■ Required action ■
Your answer must be the exact lines from the one holding "Used 2019 Lincoln" through the end of the entries, with no pictures.

Image-caption web data
»»

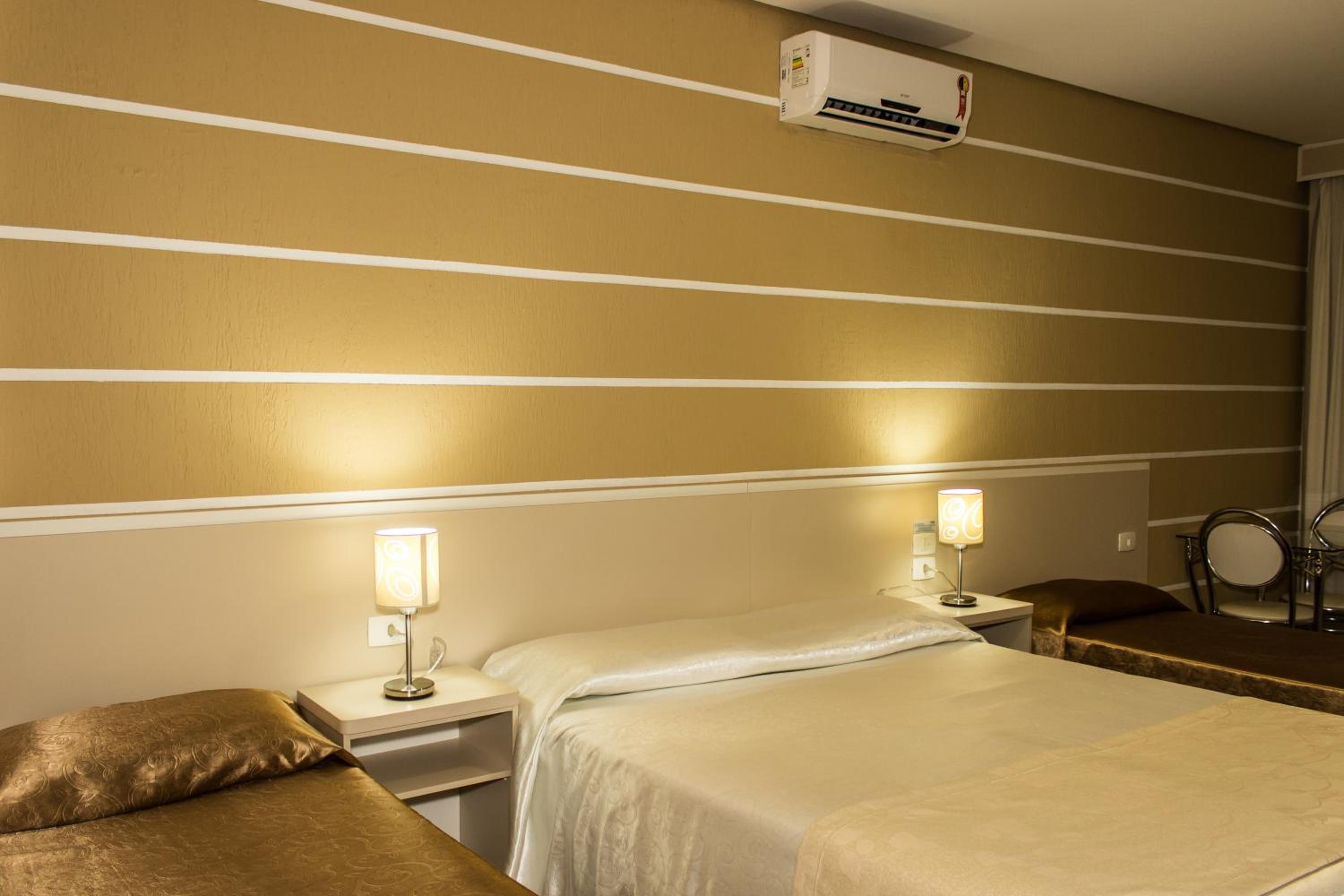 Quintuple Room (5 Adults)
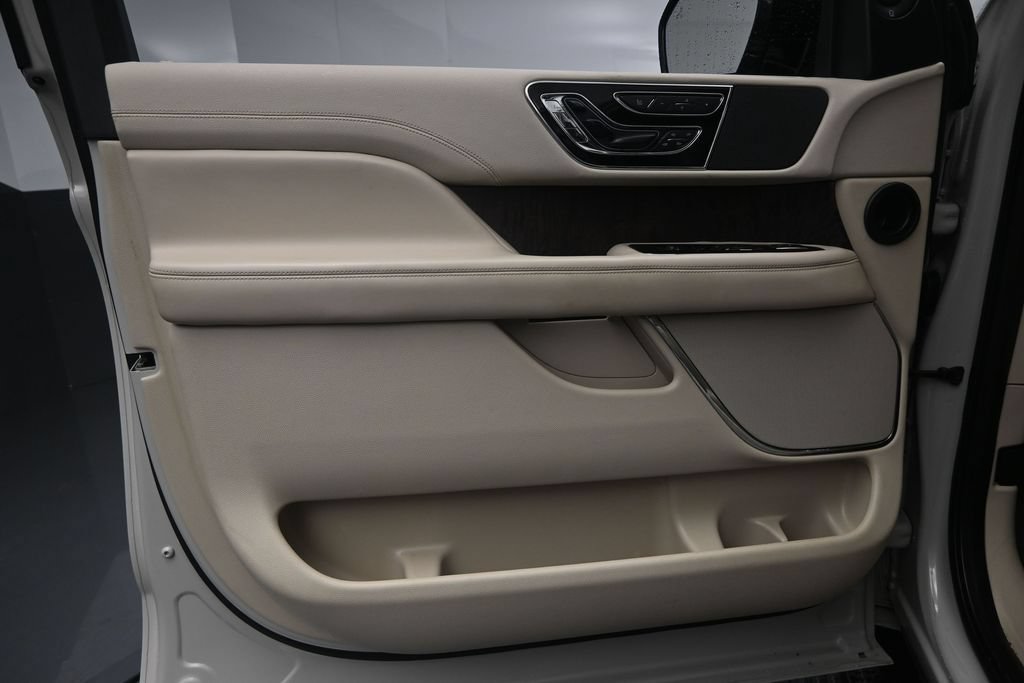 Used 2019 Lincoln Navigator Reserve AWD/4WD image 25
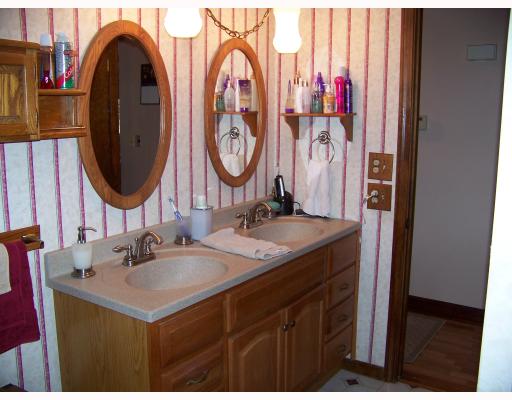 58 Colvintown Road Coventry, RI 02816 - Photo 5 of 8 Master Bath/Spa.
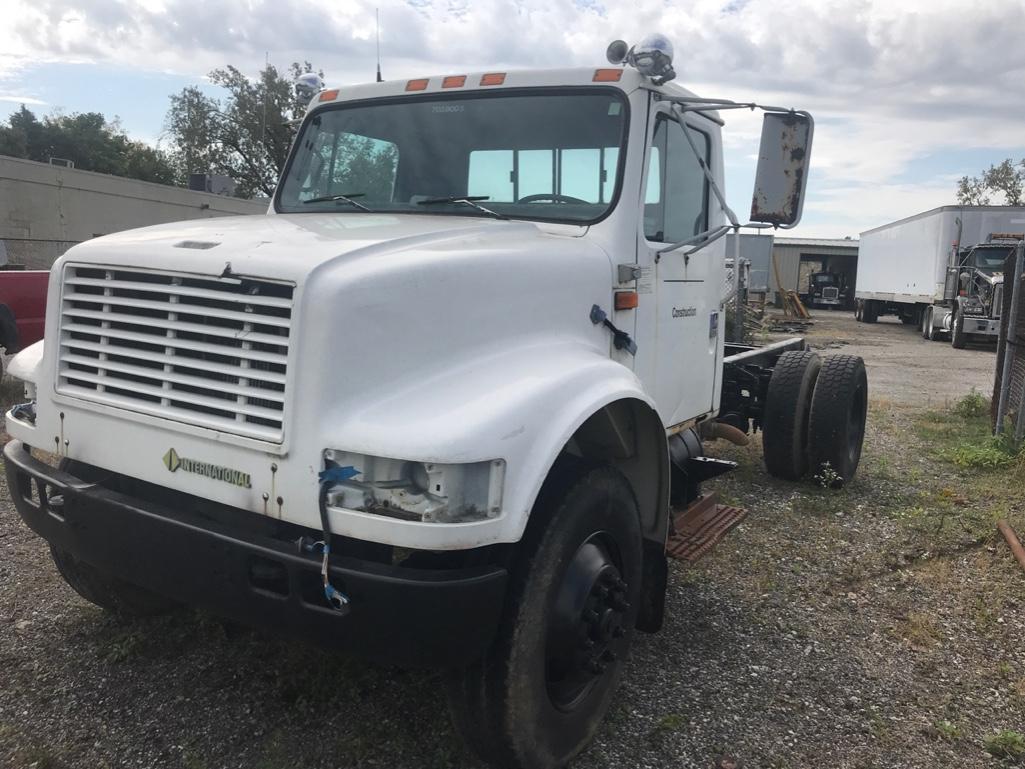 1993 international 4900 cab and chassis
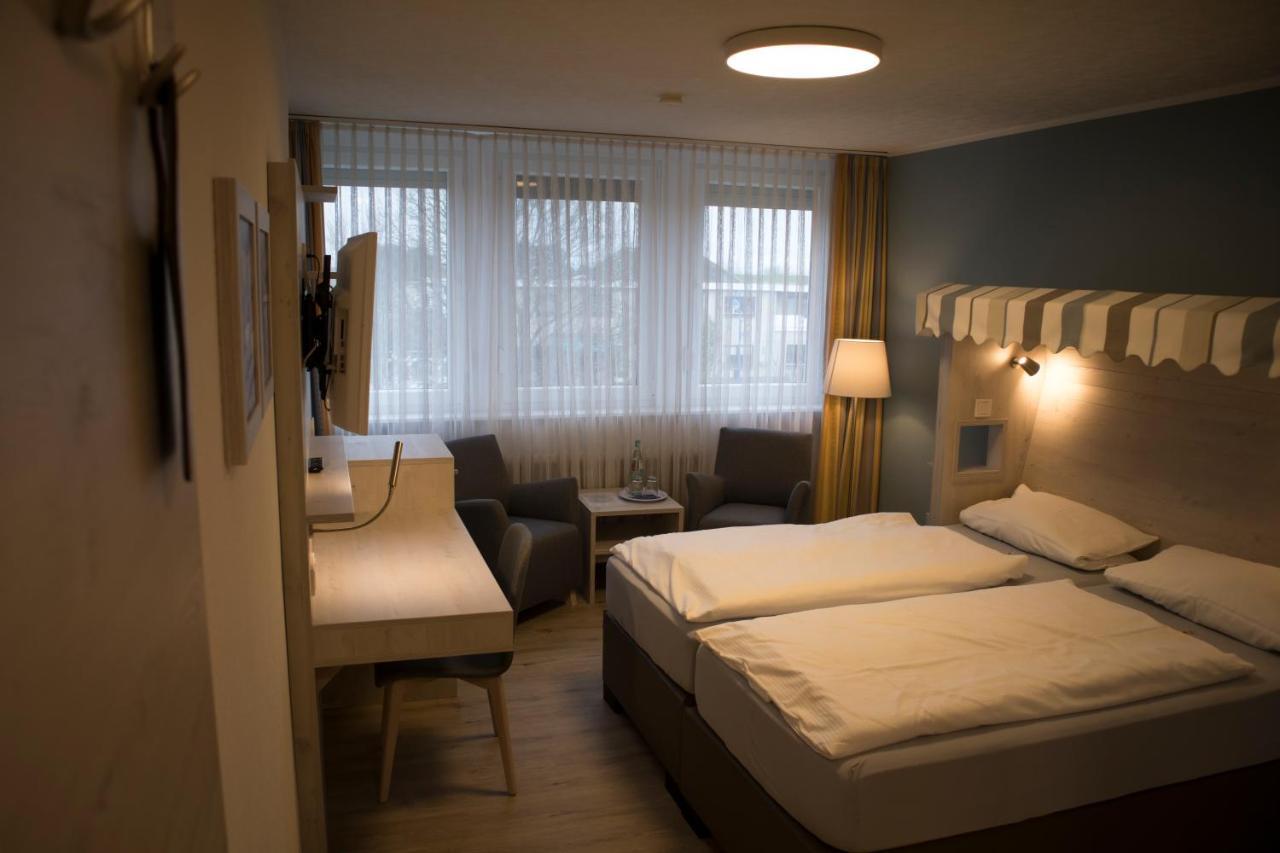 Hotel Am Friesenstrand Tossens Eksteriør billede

««

■ Reply to the task ■
 Used 2019 Lincoln Navigator Reserve AWD/4WD image 25
 58 Colvintown Road Coventry, RI 02816 - Photo 5 of 8 Master Bath/Spa.
 1993 international 4900 cab and chassis
 Hotel Am Friesenstrand Tossens Eksteriør billede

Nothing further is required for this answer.